Author: John Warden, Center for Strategic and International Studies
The 9th session of the 2011 Asan Plenum focused on the U.S. Nuclear Posture Review, and in particular, the perspectives and reactions of the United States, China, and Russia. It featured presentations by Dr. Clark Murdock, a senior advisor at the Center for Strategic and International Studies (CSIS), Dr. Lora Saalman, a Beijing-based associate in the Nuclear Policy Program at the Carnegie Endowment, and Mr. Walter Slocombe, a former U.S. Undersecretary of Defense for Policy and senior counsel at Caplin & Drysdale.

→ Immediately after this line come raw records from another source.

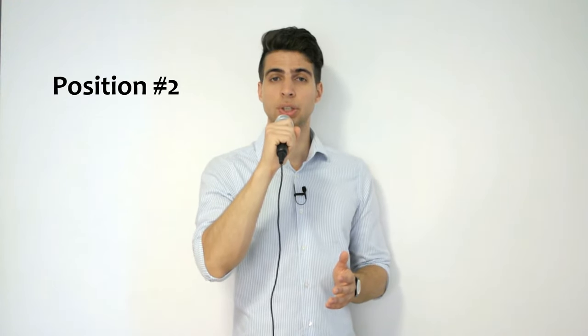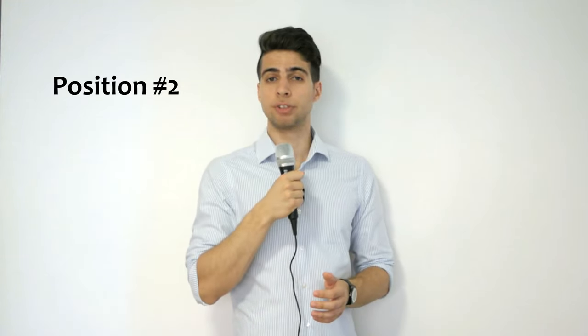Position number two is similar, but you hold the microphone in a vertical position slightly in front of and under your chin, also about three to four fingers between them. This position may be even better because your face is not covered, so this is the position that I actually recommend the most.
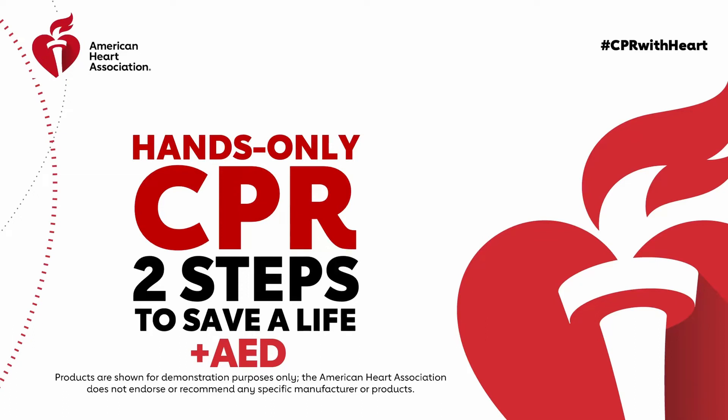If you see a teen or adult suddenly collapse, it is important to act fast. Helping to save a life is easier than you might think.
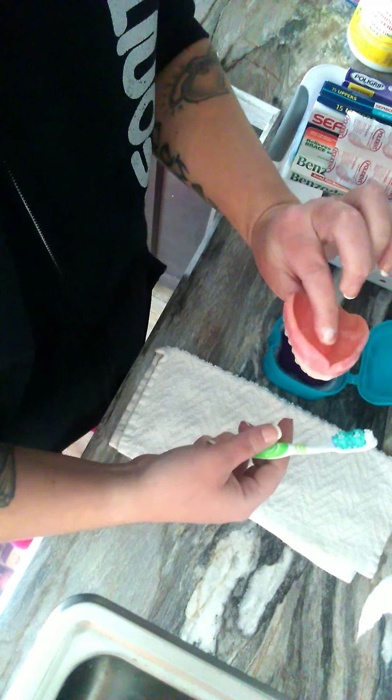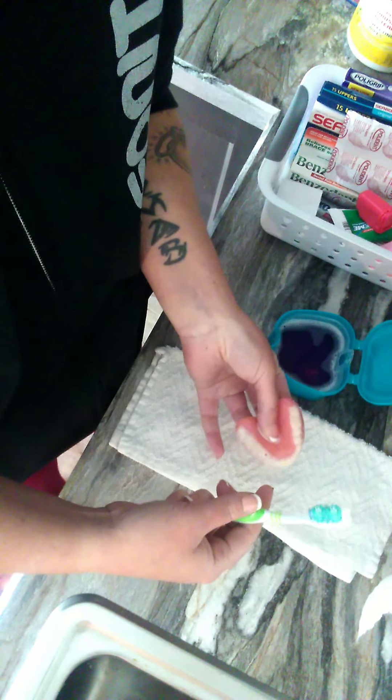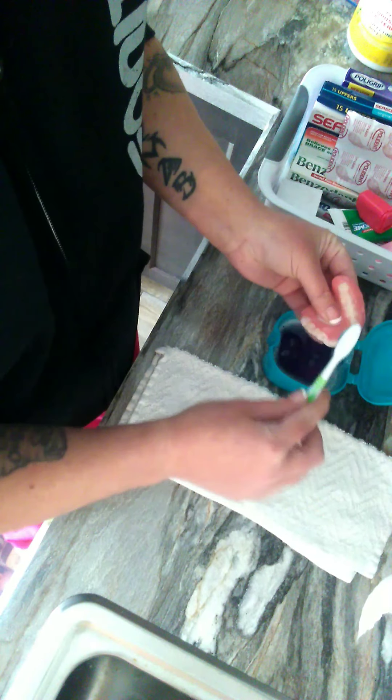When I hold my denture, I hold it like this, or I put my two fingers in here and it prevents it from falling. So you scrub really well.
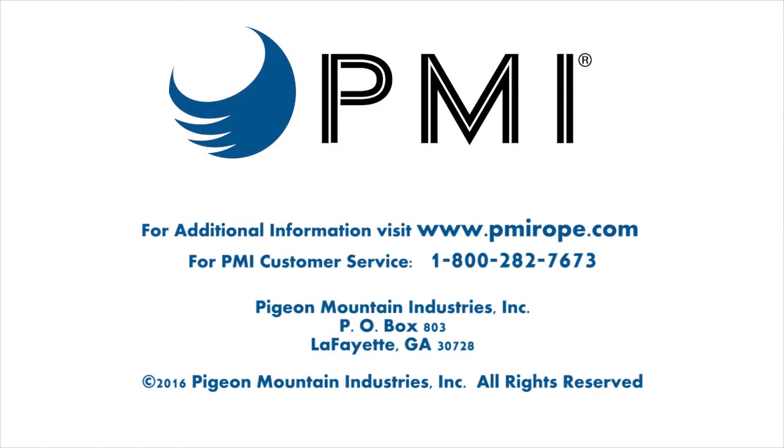For more information or to schedule a visit with the manufacturer's representative, contact PMI at 706-764-1437 or visit PMIrope.com.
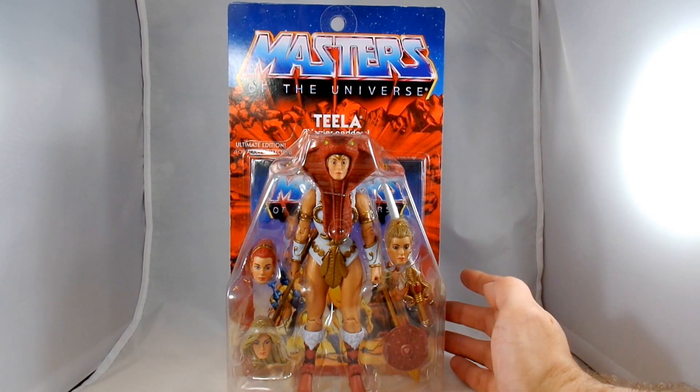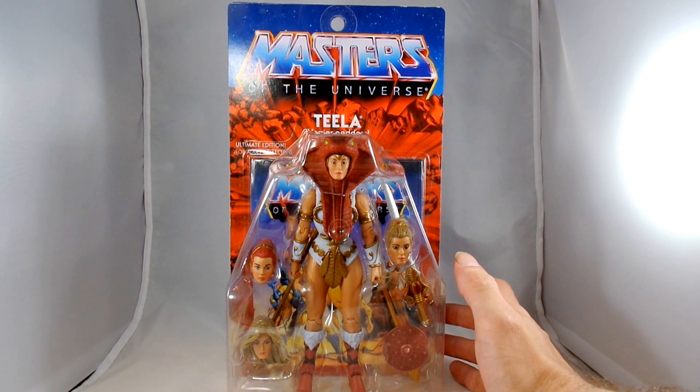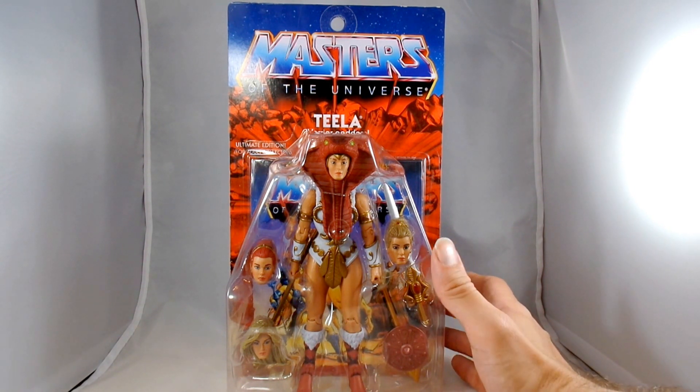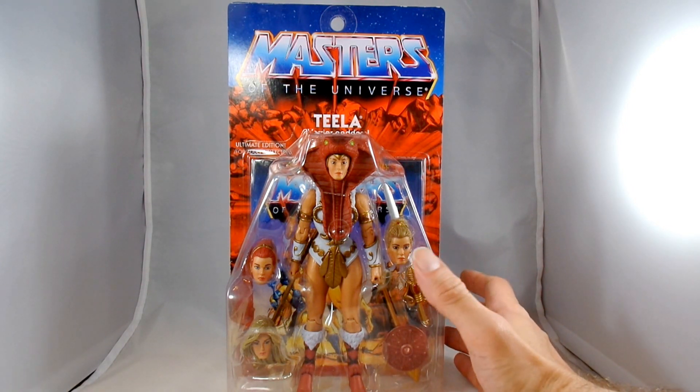She does come with three heads. All their eyes look really nice, which was something at the end of the Mattel Collector era we were starting to have problems with. I don't know what the difference is with the company they're using, but they look really good.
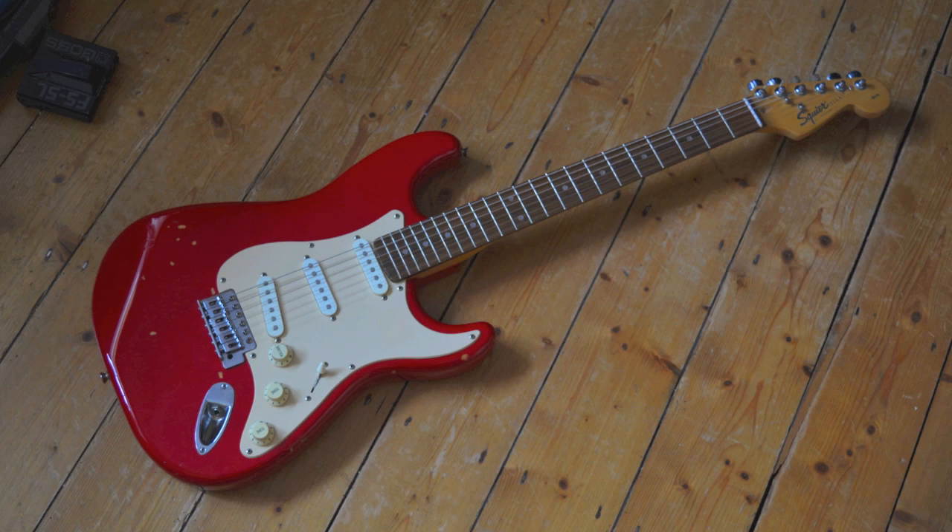This is a Squier Affinity Stratocaster in Sexy Torino Red. This one was in a pawn shop and when I looked at the price tag it said 39 euro — you won't get much for that. The body was full thickness, it's from 1996, made in China, and I was very curious even though I swore I wouldn't buy any Squires this year. I broke one of my own resolutions, so let's plug it in, check it out, strip it down and investigate it and see if it's any good.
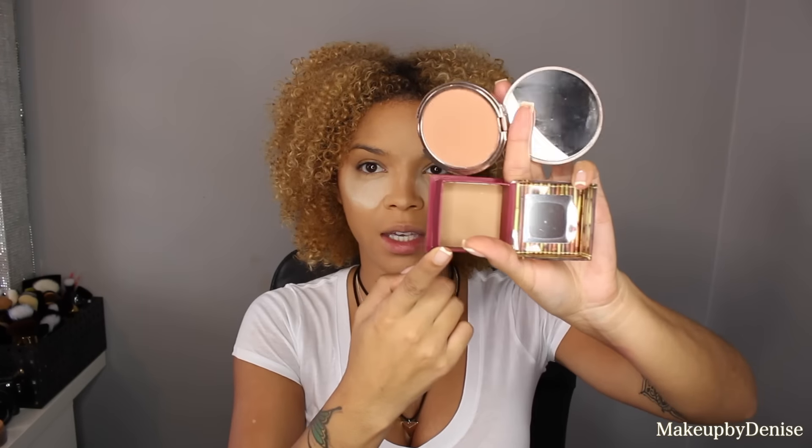I'm going to be using two bronzers today — the Hoola bronzer by Benefit and Sunkissed by Urban Decay. Hoola is like a true bronzing shade and Sunkissed has like a hint of color, like a little bit of a pink tone. I just like how they look together, which is why I mix them. I'm going to be using them on the Dose of Colors angled contour brush — these brushes are super fab. I'm just grabbing some of this, dusting off all the excess, and blending that out.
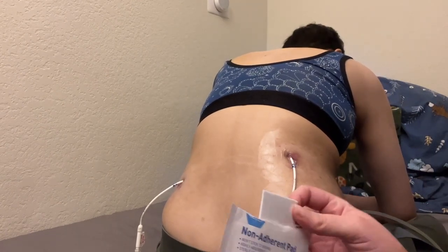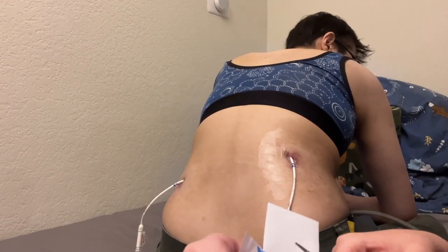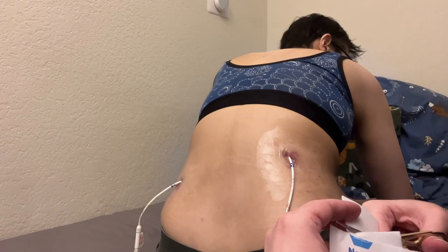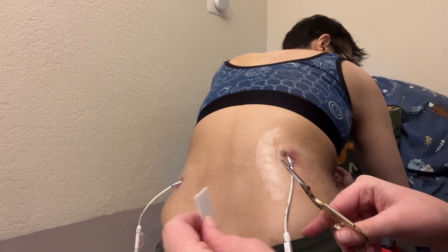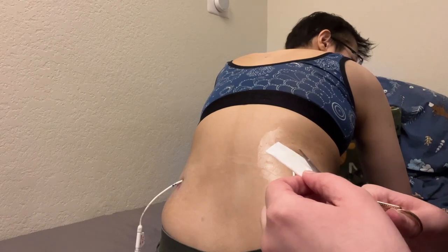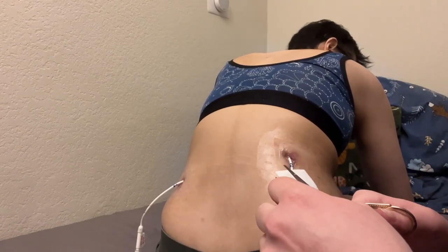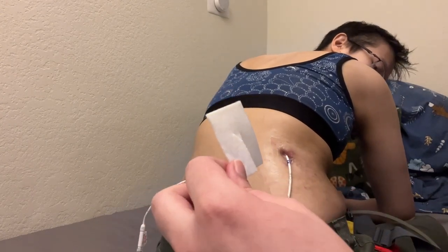When I mention non-adhesive and non-woven, those things are important because there's going to be some discharge from the stoma. That's what happens when you have holes in your body that aren't naturally there. We don't want it to get stuck to the adhesive because that'll rip and may cause bleeding and tearing. It's basically like the inside pad of a band-aid that doesn't stick to a bloody scab.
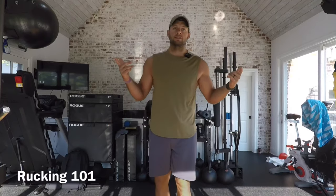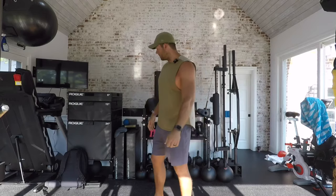What's up guys, Jared Valdeer here talking to you about rucking. What is rucking? Well, basically it's just walking with a weighted backpack.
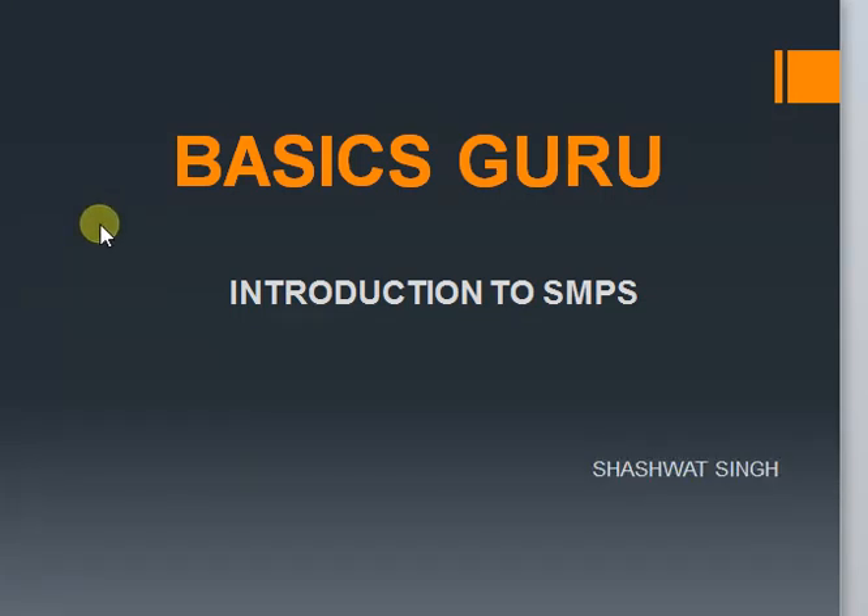Hello friends, welcome back. I am Shashwat Singh and in this video I am going to talk about Switch Mode Power Supplies. In the previous video, I explained Linear Power Supplies. So if you haven't seen it, I suggest you to see that before proceeding ahead. Today we will study what an SMPS is, different blocks involved in it and the functioning of each block. We will also learn why and when to choose SMPS over Linear Power Supplies and its pros and cons. So, let's start.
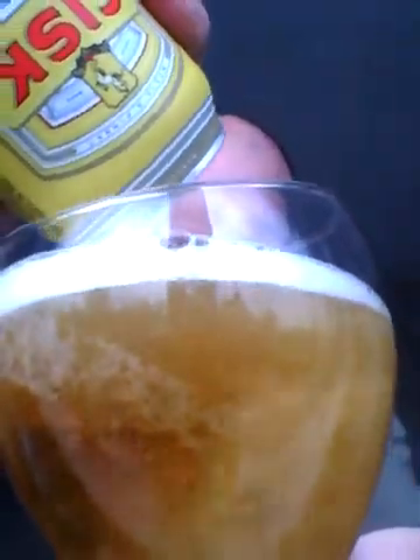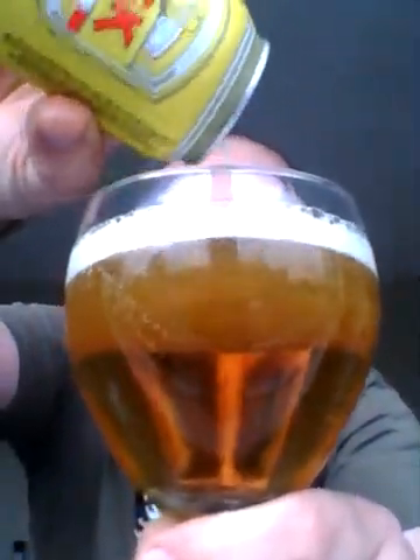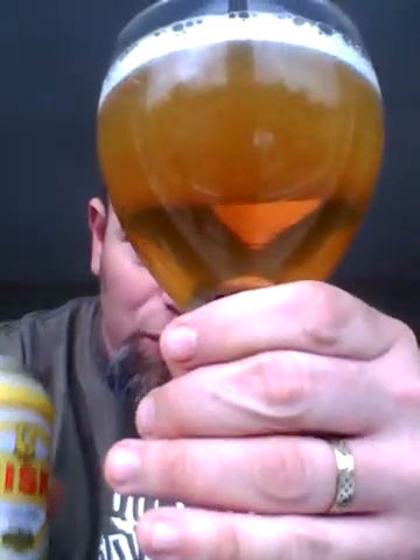It comes out real pale. As you can see, beautiful pale gold there, and it's looking exactly the same as the bottle version was. There is quite a sweetness to the malt - sweet biscuit even. So cheers Davy for this one mate, I'm going to go in.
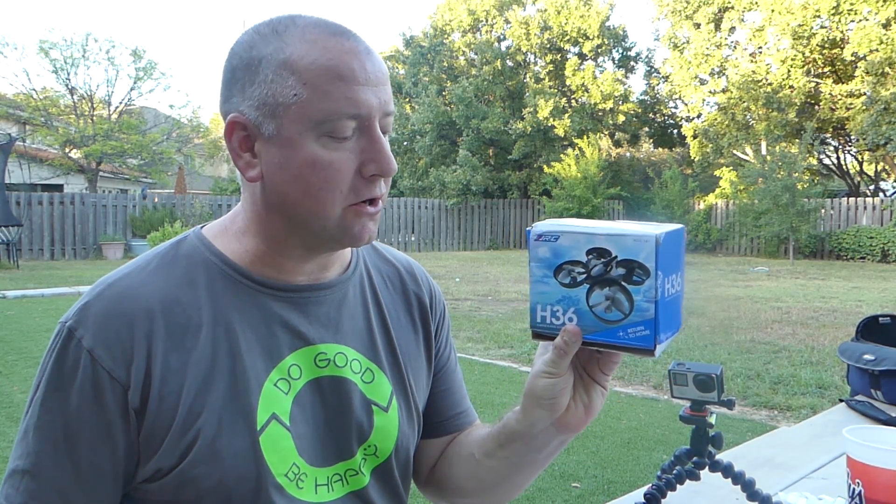Hey everybody, it's Kelly from Ready Set Drone, and today I'm going to show you the JJRC H36.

Murdock began with a brief introduction to the main issues in the 2010 Nuclear Posture Review (NPR) report. He began by outlining the main takeaways. Among other things, the NPR report identifies nuclear terrorism and proliferation as the top priorities for the United States; expresses an interest in maintaining strategic stability with Russia and China; updates the U.S. understanding of its Negative Security Assurance, specifying that it only applies to countries in compliance with their nonproliferation obligations; argues that the United States should maintain the triad during the 10-year duration of New START; commits to limiting silo-based intercontinental ballistic missiles (ICBMs) to a single warhead; pledges to retire the Tomahawk Land Attack Cruise Missile/Nuclear (TLAM/N); and rejects the de-alerting of ICBMs and submarine launched ballistic missiles (SLBMs).
Murdock went on to note that that the NPR report is just one of many activities that the Obama administration pursued in its nuclear agenda. A second element is New START, which was signed in April 2010 and ratified in February 2011. New START limits the number of U.S. and Russian deployed strategic warheads to 1550 (under New START’s counting rules) and total delivery vehicles to 800, with a separate limit of 700 deployed delivery vehicles. The treaty also includes a non-binding preamble that acknowledges the relationship between offensive and defensive strategic systems. However, the Obama administration has consistently argued that New START in no way constrains current or planned missile defense deployments.
A third part of the Obama administration’s nuclear agenda is the Ballistic Missile Defense Review (BMDR), which includes the Phased Adaptive Approach (PAA). The PAA reorients U.S. strategy to counter the more immediate threat of short- and medium-range missiles, while maintaining the flexibility to respond as future threats develop. It is divided into four phases; the third will include defenses against intermediate-range ballistic missiles, while the fourth will include defenses against intercontinental ballistic missiles. The BMDR links missile defense to reductions in the role of U.S. nuclear weapons, highlights the importance of missile defense within regional security architectures in East Asia and elsewhere, and also advocates expanding strategic stability dialogues with China.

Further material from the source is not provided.